» **THE TASK**:
Only the records, exactly as written, belong in the answer; pictures do not.

» **SUPPLIED DATA**:
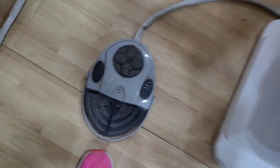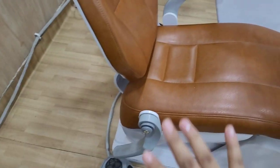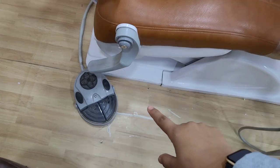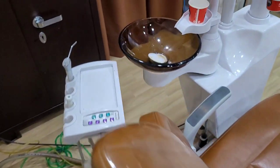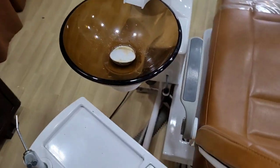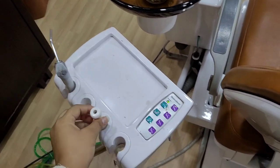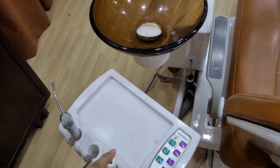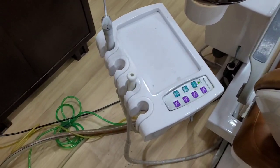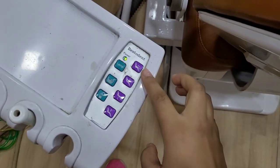The air rotor is also labelled along with the micromotor. We press the air rotor button to activate it. Now on the other side where the assistant sits, there is a suction with a different tip — it is disposable and we discard it after each patient. There is also a 3-way syringe with the same buttons on this side.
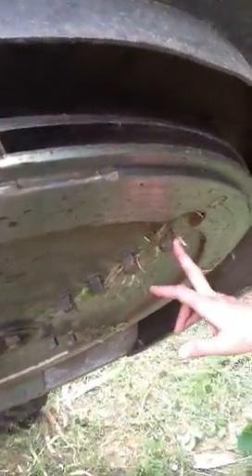Underneath here we have 18 carbide tip stump grinder teeth. This is what allows you to mulch the material down to what you see here on the ground. Instead of having a lot of big pieces of wood all over, this allows you to grind it up.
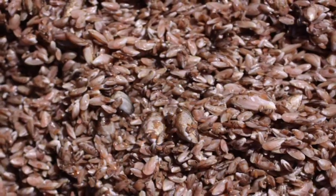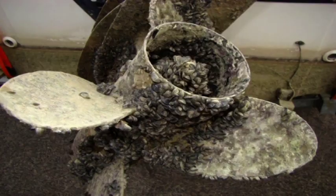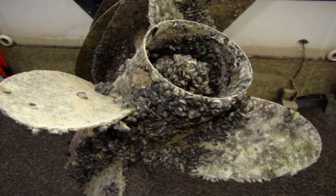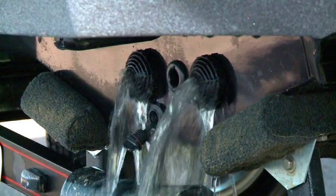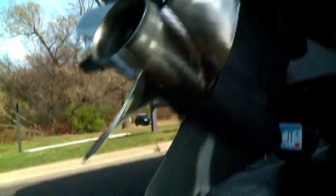Zebra mussels are one of the top threats to our lakes and streams. They multiply and wreak havoc on your equipment and on your fishing. To prevent spreading, drain your boat at the launch ramp. That includes bilge, live well, and bait well if you have one, and the outboard's lower unit.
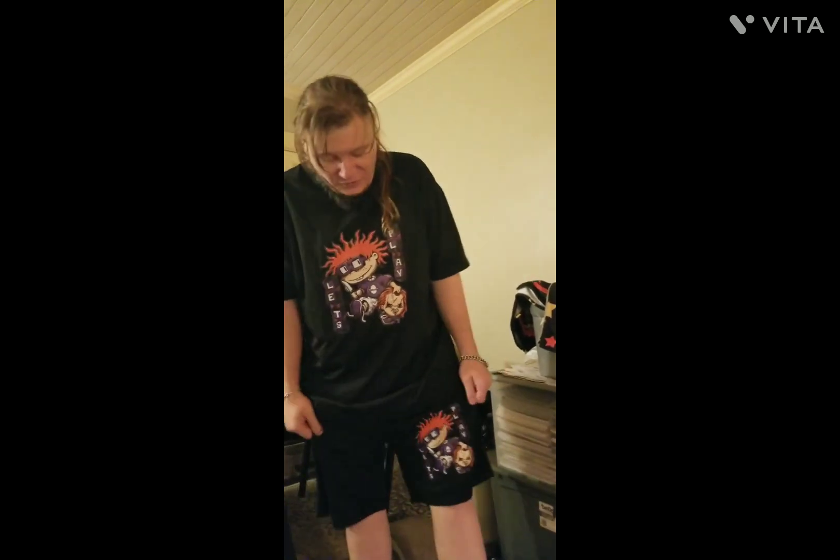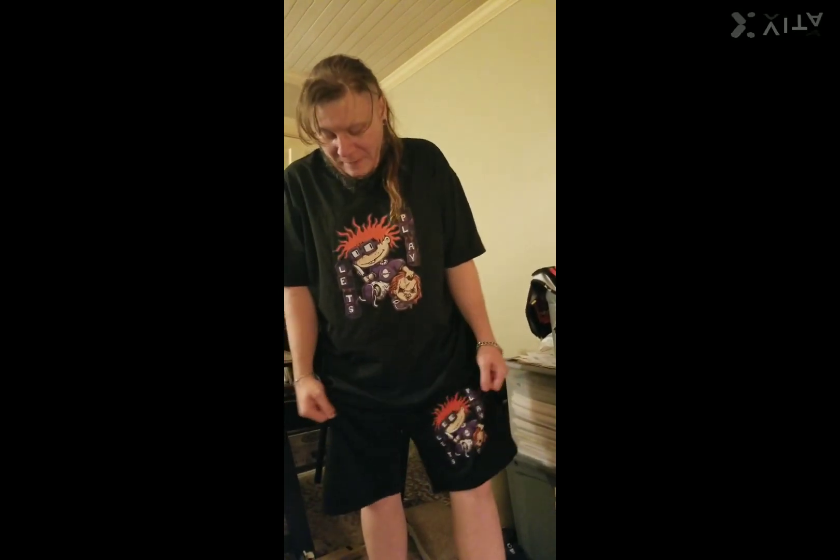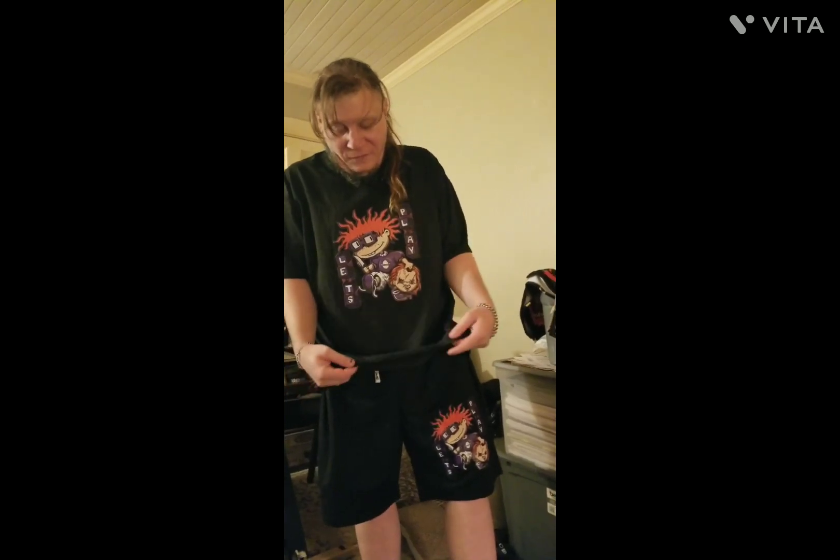The shorts are a little thick — thicker than I thought they would feel compared to my other ones — but not in a bad way. All in all, good shirt and good shorts.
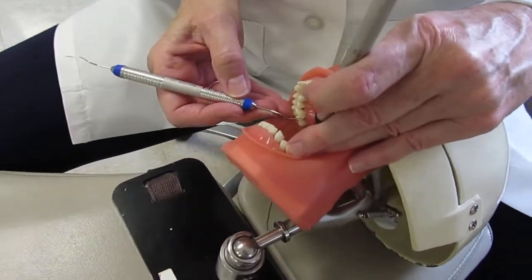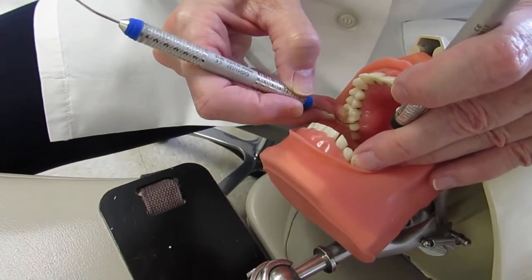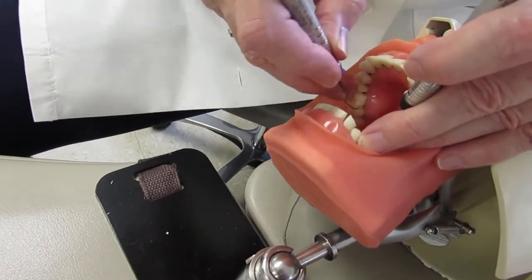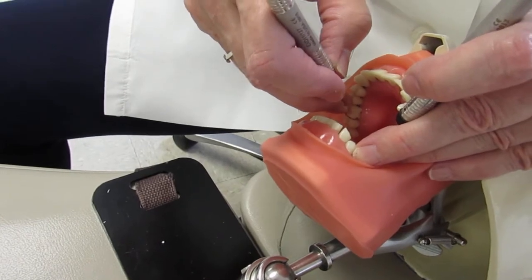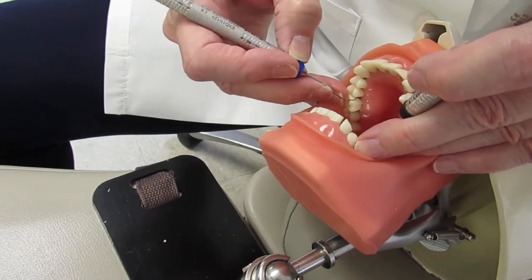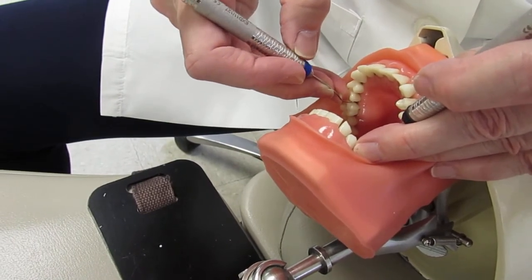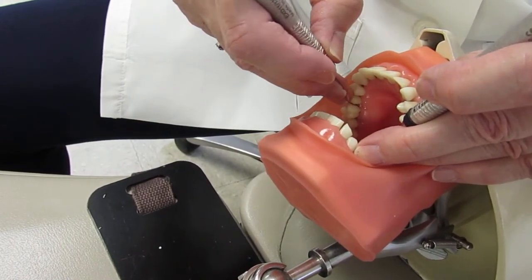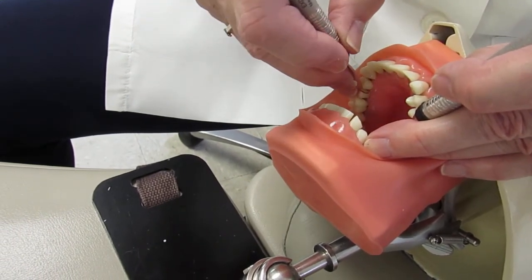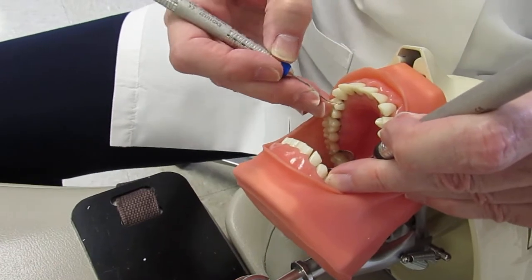Starting on number 3: get ready zone, close, insert, walk and roll. Very short walk on the distal. Then come up a little higher in clock position and walk across that lingual span — it's a fairly long span. Always work in your mirror as much as possible.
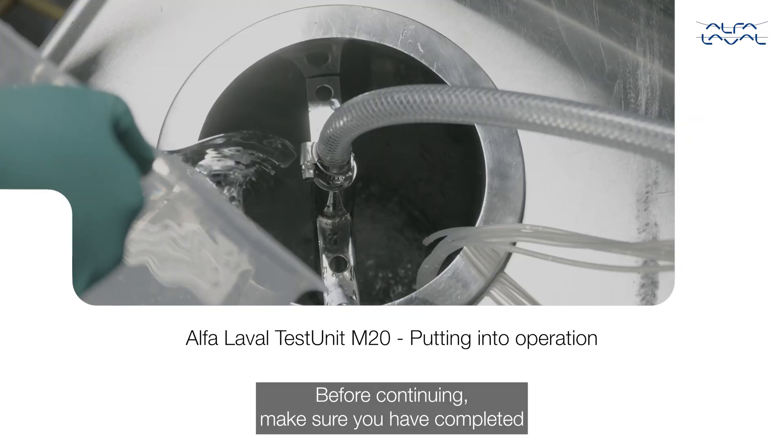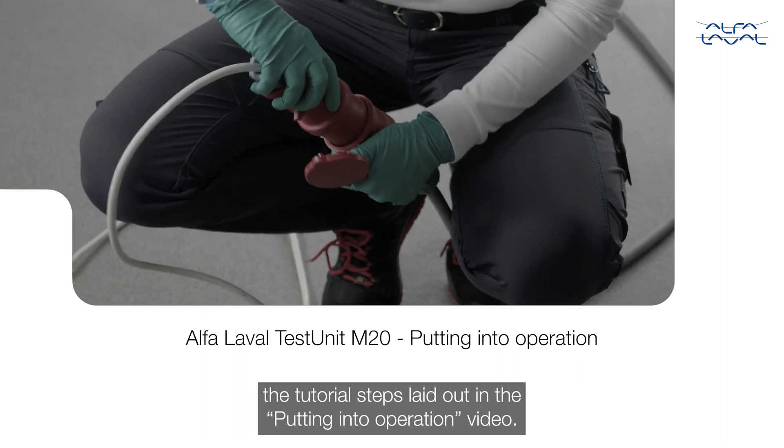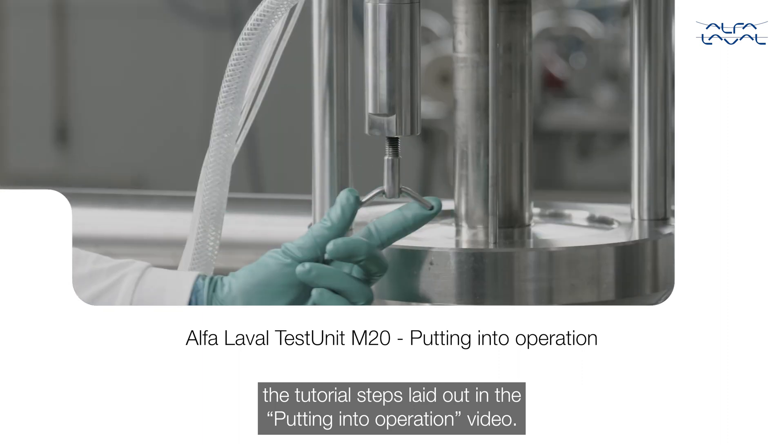Before continuing, make sure you have completed the tutorial steps laid out in the putting into operation video.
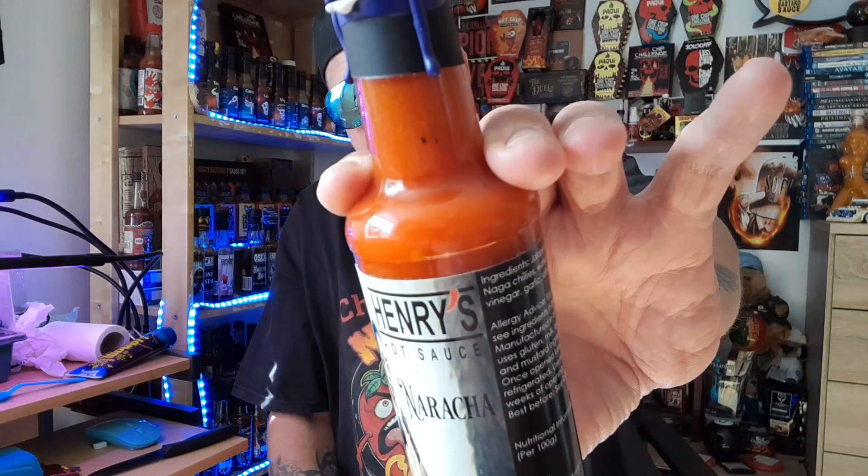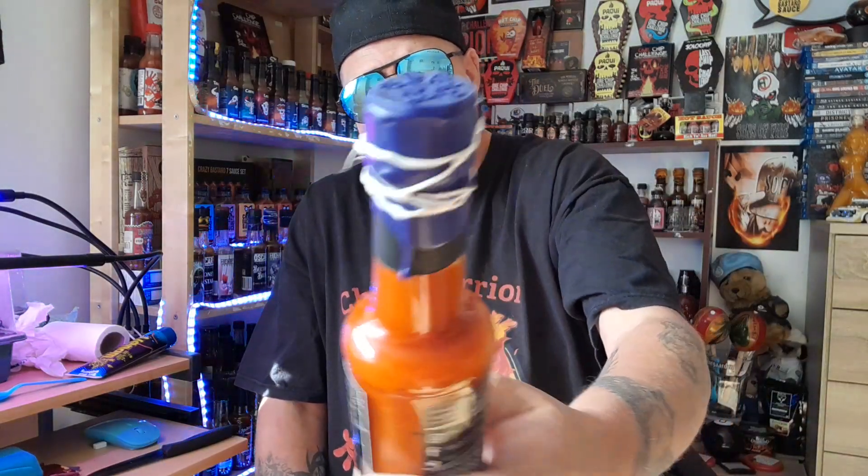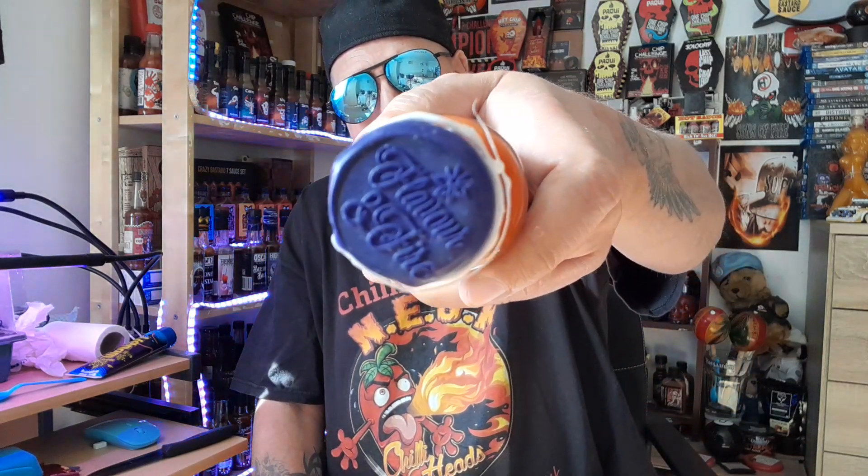Now you know what naga chilies are — proper fiery chilies. Look at the color of that — that is a nice red-orangey color. Love the label of this; it's got a nice Asian girl there in a fighting pose. Is this sauce gonna fight with my taste buds? Look at the detail in the wax seal of these bottles that Sean puts into them — black seals and then the Flavor and Fire seal on the top.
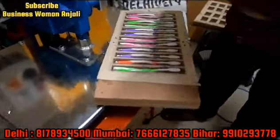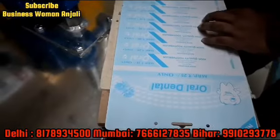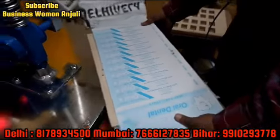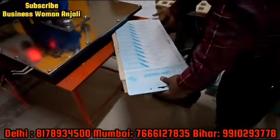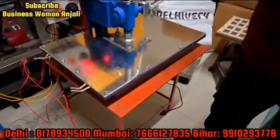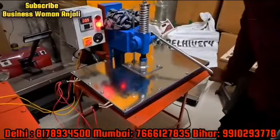This is the frame of dye. This is the frame — this frame is also big. We will not do anything after putting it in; we will press it.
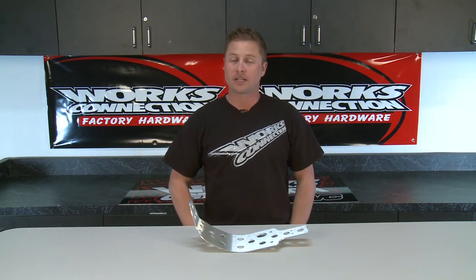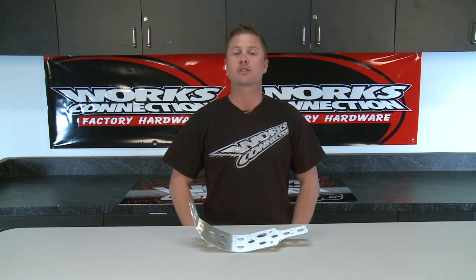Hi, I'm David Pingree for WORX Connection. If you're out on a motocross track and coming up short on jumps or worried about rocks, the best protection you can put on the underside of your motorcycle is a skid plate, and WORX Connection has you covered.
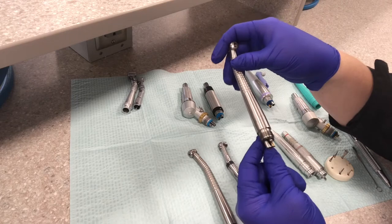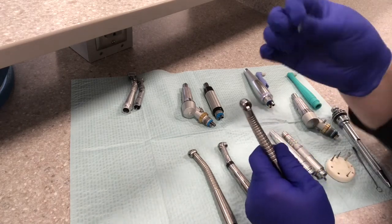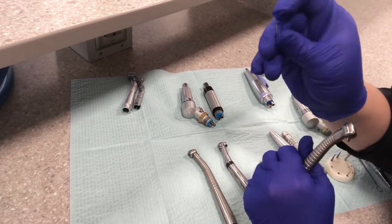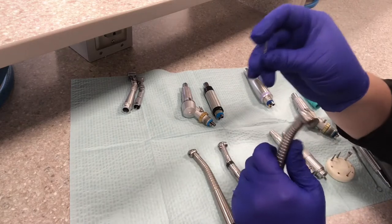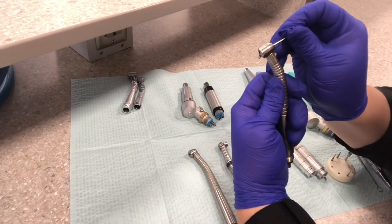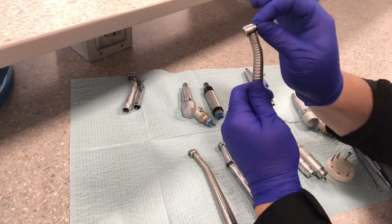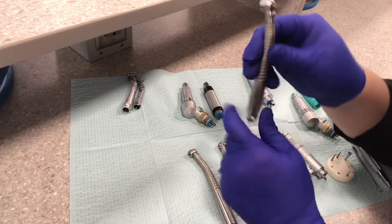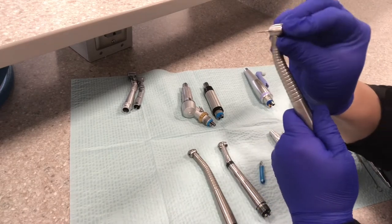We'll get into the specific numbers for that once you're in lab. All high speed burrs have a smooth end to them. There are hundreds of different types of burrs that go in the high speeds; they all do a different function. To place it, you put the smooth end down into the head of the handpiece. Then to lock it in place, you push that little lever up and pull on the burr to make sure it's locked. The fiber optic light shines through, and the water sprays through there. So this is again the power lever or the latch.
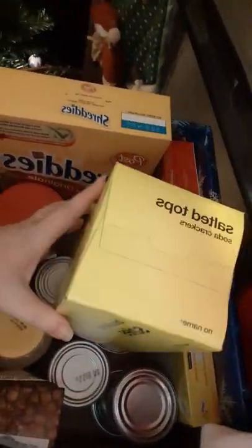So now what we're gonna do is take our salted soda crackers and put them in the box. I've really gotta get this all organized.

» **RESPONSE**:
The air rotor is also labelled along with the micromotor. We press the air rotor button to activate it. Now on the other side where the assistant sits, there is a suction with a different tip — it is disposable and we discard it after each patient. There is also a 3-way syringe with the same buttons on this side.
Underneath here we have 18 carbide tip stump grinder teeth. This is what allows you to mulch the material down to what you see here on the ground. Instead of having a lot of big pieces of wood all over, this allows you to grind it up.
Zebra mussels are one of the top threats to our lakes and streams. They multiply and wreak havoc on your equipment and on your fishing. To prevent spreading, drain your boat at the launch ramp. That includes bilge, live well, and bait well if you have one, and the outboard's lower unit.
The shorts are a little thick — thicker than I thought they would feel compared to my other ones — but not in a bad way. All in all, good shirt and good shorts.
Starting on number 3: get ready zone, close, insert, walk and roll. Very short walk on the distal. Then come up a little higher in clock position and walk across that lingual span — it's a fairly long span. Always work in your mirror as much as possible.
Before continuing, make sure you have completed the tutorial steps laid out in the putting into operation video.
Now you know what naga chilies are — proper fiery chilies. Look at the color of that — that is a nice red-orangey color. Love the label of this; it's got a nice Asian girl there in a fighting pose. Is this sauce gonna fight with my taste buds? Look at the detail in the wax seal of these bottles that Sean puts into them — black seals and then the Flavor and Fire seal on the top.
This is the frame of dye. This is the frame — this frame is also big. We will not do anything after putting it in; we will press it.
Hi, I'm David Pingree for WORX Connection. If you're out on a motocross track and coming up short on jumps or worried about rocks, the best protection you can put on the underside of your motorcycle is a skid plate, and WORX Connection has you covered.
We'll get into the specific numbers for that once you're in lab. All high speed burrs have a smooth end to them. There are hundreds of different types of burrs that go in the high speeds; they all do a different function. To place it, you put the smooth end down into the head of the handpiece. Then to lock it in place, you push that little lever up and pull on the burr to make sure it's locked. The fiber optic light shines through, and the water sprays through there. So this is again the power lever or the latch.
So now what we're gonna do is take our salted soda crackers and put them in the box. I've really gotta get this all organized.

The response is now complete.